In packaging oci-sdk we are required to run any test suite that is available to ensure that the package installs and runs inside the given distribution. This means the test suite has to run against the distributions packages and not in a virtual environment. The tests are run using pytest == 3.3.2 because that is the package that was delivered and is supported for the lifecyle of the distribution.

I hope this helps clarify our use case? We can maintain a patch downstream but ideally it is helpful if possible to get the patch implemented into the latest code base. This would not only help us but also any other Linux distributions that want to provide a supported oci-sdk system package in older releases.

jasonyin commented 4 years ago

hi @smarlowucf @glaubitz, thanks for reporting the issue.

In general, we are not able to support all released versions of pytest, they might have breaking changes, security updates etc. One common practice is only for two major versions. PyTest 3.3.2 was released on 2017-12-25 which is pretty old one. And it's now on 5.x version.

I understand your use cases. From the log you posted, looks like it's all related with the order of tests inputs which happens to be integration tests (test call the real services). @pelliu , I think we should remove these tests publicly and only release out unit tests.

@smarlowucf , @garthy is the log you posted are complete changes which breaks for you? Please let me would that suggestion work for you or not? BTW, run full unit tests should be good in terms of validating the installation.

This might be able to fix the issue you mentioned, but you might see other issues in the future in terms of mis-matched third party dependencies. So I am wondering:

  1. are you going to vendor the 2.6.2 into distribution once or you are updating the python sdk version on a regular basis;
  2. how do you update the python sdk version and it's dependencies? Install locally and push to a repository?
smarlowucf commented 4 years ago

Hi,

is the log you posted are complete changes which breaks for you?

Yes, the diff I provided fixes the issues we are seeing. I've tested using latest Pytest versions with that diff and don't see any issues so it's a non-breaking change.

1. are you going to vendor the 2.6.2 into distribution once or you are updating the python sdk version on a regular basis;

Not sure I fully understand the question but in packaging for a distribution we try to avoid vendored dependencies. For example if a version of requests is vendored inside another package we want to avoid this because it's not testable on it's own and it is a security concern.

Using OCI SDK as an example which has a vendored dependency on requests. We have to remove the vendored requests code during packaging and make changes for the SDK to use the version of requests that is distributed.

This is required by SLA to ensure that both the oci-sdk package and the requests package are properly reviewed, tested and can be updated independent of each other.

2\. how do you update the python sdk version and it's dependencies? Install locally and push to a repository?
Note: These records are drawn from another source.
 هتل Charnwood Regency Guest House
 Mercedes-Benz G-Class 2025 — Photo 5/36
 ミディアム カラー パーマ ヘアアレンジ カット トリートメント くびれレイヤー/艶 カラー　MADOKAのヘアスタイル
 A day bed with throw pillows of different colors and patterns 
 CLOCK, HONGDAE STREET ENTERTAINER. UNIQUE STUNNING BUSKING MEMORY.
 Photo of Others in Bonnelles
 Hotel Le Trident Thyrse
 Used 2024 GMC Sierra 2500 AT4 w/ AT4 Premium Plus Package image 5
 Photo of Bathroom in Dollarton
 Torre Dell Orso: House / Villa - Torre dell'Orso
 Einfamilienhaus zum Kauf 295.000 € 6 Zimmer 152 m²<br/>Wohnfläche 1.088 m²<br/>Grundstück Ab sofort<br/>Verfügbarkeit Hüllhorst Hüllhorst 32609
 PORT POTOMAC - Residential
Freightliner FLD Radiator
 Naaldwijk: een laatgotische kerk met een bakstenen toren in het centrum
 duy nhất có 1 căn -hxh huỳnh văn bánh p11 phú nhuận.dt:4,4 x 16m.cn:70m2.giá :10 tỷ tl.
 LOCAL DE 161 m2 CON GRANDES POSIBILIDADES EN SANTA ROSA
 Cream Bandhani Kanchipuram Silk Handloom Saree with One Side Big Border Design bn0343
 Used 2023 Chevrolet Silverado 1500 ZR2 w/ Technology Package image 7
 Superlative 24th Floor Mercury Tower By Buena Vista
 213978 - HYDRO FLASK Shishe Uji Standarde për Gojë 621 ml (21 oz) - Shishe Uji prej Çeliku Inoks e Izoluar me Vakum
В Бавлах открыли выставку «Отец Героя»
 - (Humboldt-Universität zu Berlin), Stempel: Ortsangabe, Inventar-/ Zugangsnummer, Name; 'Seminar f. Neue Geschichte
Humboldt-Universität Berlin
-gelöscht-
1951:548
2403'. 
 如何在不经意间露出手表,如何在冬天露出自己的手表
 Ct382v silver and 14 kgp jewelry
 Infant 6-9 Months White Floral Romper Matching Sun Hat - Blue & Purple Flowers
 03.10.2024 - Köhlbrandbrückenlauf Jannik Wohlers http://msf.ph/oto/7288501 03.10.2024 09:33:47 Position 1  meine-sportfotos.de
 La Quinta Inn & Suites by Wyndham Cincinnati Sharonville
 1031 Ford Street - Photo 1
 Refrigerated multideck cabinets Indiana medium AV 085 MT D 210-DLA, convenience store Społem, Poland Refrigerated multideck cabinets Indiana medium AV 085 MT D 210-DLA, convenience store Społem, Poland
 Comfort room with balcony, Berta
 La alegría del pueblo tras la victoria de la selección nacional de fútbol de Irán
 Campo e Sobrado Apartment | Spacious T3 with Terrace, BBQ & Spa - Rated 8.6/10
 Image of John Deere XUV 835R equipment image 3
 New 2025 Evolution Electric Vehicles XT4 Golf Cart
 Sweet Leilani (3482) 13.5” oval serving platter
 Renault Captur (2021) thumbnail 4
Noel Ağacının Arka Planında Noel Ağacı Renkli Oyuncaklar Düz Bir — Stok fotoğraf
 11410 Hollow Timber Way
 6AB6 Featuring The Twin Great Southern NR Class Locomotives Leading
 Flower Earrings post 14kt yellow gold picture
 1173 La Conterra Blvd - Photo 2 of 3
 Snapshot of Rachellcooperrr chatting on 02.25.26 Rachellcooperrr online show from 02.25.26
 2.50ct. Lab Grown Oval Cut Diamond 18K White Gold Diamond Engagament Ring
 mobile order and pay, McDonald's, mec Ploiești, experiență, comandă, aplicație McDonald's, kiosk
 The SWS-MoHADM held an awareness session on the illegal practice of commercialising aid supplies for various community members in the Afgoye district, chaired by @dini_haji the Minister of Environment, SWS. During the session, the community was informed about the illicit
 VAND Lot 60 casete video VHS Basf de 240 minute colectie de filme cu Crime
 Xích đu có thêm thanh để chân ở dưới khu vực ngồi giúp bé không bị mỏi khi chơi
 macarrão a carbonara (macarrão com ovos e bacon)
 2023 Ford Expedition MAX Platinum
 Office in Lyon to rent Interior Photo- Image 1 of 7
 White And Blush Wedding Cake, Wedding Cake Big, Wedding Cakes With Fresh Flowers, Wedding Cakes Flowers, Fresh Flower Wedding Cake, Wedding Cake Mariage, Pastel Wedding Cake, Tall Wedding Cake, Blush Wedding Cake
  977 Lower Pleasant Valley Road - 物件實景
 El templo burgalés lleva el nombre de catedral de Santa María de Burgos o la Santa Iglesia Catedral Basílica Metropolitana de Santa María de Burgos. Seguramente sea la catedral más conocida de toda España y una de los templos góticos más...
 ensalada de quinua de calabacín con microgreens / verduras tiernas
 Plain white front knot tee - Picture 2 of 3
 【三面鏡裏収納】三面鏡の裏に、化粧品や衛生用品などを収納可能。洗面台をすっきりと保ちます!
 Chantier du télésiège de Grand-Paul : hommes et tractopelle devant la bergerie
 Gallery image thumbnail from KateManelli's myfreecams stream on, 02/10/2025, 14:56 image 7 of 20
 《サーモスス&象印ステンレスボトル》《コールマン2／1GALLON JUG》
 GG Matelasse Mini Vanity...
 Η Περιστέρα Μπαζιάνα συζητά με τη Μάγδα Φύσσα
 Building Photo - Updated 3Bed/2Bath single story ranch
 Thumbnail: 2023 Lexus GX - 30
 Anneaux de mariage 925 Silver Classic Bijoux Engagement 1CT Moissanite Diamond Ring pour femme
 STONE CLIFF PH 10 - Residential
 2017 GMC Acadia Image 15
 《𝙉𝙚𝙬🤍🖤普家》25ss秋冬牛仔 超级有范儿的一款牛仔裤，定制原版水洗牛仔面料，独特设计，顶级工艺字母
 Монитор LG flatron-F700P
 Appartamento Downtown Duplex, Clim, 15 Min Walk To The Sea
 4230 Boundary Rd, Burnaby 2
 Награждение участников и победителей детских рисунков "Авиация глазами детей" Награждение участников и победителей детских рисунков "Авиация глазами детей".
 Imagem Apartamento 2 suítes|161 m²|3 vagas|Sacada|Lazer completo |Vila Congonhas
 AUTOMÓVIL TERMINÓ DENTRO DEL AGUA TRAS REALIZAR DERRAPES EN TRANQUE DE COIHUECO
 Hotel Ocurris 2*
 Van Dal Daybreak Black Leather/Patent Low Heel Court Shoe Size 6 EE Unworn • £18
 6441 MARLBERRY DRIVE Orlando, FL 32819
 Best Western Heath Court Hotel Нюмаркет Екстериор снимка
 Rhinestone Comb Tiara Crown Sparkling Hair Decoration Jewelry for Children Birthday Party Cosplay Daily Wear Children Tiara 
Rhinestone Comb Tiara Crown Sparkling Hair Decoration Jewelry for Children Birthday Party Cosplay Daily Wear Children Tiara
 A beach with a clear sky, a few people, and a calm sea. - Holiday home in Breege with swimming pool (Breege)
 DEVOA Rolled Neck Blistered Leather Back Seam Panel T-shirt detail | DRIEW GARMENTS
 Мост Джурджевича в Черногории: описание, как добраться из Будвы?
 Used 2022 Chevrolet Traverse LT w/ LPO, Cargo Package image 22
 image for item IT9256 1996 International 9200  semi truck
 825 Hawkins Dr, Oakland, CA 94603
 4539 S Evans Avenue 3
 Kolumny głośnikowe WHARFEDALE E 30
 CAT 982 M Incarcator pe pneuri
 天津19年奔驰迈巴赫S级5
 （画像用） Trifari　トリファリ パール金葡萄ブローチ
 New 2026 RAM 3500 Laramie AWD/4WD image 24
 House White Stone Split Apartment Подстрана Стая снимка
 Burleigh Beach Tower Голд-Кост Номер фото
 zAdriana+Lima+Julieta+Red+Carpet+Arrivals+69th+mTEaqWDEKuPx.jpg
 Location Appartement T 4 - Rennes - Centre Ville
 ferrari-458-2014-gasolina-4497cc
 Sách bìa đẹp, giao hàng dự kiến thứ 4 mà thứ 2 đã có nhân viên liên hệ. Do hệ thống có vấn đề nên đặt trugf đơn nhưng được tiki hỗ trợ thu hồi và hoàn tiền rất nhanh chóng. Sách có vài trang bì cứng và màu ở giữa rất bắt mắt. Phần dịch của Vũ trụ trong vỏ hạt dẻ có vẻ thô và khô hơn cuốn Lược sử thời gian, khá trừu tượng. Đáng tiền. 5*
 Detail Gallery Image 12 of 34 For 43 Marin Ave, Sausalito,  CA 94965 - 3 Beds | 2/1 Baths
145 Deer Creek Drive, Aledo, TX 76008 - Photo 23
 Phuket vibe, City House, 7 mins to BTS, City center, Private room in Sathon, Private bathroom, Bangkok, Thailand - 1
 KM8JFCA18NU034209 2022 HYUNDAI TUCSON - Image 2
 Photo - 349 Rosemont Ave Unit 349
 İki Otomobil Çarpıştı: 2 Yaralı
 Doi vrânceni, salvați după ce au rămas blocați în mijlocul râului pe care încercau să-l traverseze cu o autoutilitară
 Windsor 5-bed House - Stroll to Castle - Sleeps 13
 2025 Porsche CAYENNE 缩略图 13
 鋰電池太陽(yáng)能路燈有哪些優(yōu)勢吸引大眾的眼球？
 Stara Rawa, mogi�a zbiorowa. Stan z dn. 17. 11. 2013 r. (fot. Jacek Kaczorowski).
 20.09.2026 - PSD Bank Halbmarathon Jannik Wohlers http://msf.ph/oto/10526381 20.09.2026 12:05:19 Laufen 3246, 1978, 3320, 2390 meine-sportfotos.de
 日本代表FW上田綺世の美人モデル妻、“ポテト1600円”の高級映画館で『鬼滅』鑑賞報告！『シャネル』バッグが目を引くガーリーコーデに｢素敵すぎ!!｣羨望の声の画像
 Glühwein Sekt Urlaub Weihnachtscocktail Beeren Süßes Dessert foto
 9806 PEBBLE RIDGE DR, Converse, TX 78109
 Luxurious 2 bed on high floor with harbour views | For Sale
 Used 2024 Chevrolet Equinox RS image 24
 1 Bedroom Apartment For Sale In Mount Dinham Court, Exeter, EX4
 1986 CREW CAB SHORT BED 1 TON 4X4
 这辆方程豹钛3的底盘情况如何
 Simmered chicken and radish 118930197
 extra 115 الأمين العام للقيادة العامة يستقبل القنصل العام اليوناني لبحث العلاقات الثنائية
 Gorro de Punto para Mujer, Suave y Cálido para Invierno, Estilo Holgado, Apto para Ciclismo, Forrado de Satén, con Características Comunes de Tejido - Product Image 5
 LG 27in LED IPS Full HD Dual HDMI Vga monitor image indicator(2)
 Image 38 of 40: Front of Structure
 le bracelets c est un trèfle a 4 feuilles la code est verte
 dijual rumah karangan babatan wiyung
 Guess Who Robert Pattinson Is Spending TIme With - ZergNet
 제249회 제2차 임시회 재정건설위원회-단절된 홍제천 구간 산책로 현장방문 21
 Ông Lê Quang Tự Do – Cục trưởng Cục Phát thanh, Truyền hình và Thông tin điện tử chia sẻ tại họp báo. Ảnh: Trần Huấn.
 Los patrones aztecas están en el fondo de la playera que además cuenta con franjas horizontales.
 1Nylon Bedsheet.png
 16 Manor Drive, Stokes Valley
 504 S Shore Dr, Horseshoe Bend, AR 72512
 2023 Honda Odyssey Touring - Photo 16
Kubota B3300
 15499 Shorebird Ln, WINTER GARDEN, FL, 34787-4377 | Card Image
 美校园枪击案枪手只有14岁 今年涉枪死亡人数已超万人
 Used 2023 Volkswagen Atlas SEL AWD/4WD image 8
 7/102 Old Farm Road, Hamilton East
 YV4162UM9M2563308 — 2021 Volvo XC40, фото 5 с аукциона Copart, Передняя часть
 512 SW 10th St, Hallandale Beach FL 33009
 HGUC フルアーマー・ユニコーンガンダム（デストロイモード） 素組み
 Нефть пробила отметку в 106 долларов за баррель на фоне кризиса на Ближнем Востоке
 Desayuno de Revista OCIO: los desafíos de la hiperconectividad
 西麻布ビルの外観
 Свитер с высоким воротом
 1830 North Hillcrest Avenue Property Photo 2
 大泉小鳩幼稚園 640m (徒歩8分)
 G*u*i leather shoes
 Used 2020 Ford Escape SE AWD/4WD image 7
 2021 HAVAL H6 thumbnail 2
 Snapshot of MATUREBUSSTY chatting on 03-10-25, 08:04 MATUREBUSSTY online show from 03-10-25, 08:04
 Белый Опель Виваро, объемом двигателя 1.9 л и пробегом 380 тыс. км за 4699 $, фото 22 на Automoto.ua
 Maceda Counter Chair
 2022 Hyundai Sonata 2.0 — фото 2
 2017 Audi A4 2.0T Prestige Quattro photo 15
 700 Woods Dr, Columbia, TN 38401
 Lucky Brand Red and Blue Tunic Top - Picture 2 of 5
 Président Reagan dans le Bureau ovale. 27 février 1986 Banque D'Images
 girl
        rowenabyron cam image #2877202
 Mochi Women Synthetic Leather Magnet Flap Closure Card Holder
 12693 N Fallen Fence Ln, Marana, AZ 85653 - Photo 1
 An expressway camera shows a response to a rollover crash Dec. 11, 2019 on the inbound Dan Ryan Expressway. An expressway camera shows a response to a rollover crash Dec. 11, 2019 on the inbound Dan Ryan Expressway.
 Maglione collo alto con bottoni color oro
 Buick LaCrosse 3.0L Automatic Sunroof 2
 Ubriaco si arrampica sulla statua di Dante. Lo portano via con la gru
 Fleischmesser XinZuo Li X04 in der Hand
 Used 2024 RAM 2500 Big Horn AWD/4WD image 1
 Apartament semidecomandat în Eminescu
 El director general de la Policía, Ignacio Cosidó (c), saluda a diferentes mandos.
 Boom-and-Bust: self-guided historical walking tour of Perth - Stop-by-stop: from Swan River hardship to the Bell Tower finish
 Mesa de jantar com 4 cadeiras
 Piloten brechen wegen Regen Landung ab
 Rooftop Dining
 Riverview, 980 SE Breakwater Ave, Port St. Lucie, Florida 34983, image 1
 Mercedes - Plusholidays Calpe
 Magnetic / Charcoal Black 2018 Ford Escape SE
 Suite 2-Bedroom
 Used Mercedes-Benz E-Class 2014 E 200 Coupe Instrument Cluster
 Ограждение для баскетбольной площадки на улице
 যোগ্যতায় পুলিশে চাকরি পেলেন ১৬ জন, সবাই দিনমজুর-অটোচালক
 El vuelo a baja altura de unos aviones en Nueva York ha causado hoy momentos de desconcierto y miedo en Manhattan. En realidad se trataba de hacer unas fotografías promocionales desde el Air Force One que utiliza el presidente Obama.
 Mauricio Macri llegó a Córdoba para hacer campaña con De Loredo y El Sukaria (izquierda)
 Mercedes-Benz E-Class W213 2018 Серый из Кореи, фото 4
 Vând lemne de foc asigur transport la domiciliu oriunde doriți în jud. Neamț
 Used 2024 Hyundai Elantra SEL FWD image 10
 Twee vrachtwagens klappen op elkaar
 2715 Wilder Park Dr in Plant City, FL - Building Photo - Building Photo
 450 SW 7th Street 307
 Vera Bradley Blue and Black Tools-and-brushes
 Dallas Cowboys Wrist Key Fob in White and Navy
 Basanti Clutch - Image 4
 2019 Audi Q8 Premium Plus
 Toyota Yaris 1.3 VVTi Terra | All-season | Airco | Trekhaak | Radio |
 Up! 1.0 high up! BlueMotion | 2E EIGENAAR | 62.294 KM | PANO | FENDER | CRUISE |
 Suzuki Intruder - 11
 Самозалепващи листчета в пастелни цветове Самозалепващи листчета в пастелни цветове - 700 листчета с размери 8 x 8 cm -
When a package has a new version we pull down a new tarball of the code from either GitHub or PyPI and make any necessary changes to the RPM specification. Normally the change is just a version bump but it might require an update to dependency lists, new patches or other settings. The package is built and tested against each distribution using a build service. Once the new package is confirmed to be in working condition it's submitted for review. When review passes the package is accepted and can be installed/updated for that distribution. E.g. in openSUSE to install the oci-sdk the command would look like:

zypper install python3-oci-sdk

Hope this helps.

jasonyin commented 4 years ago

hi @smarlowucf thanks for the updates.

@pelliu would the change proposed by @smarlowucf work for our version of pytest? If yes for both, we can consider to make that change to unblock our customer and at same time we still keep existing pytest version, thoughts?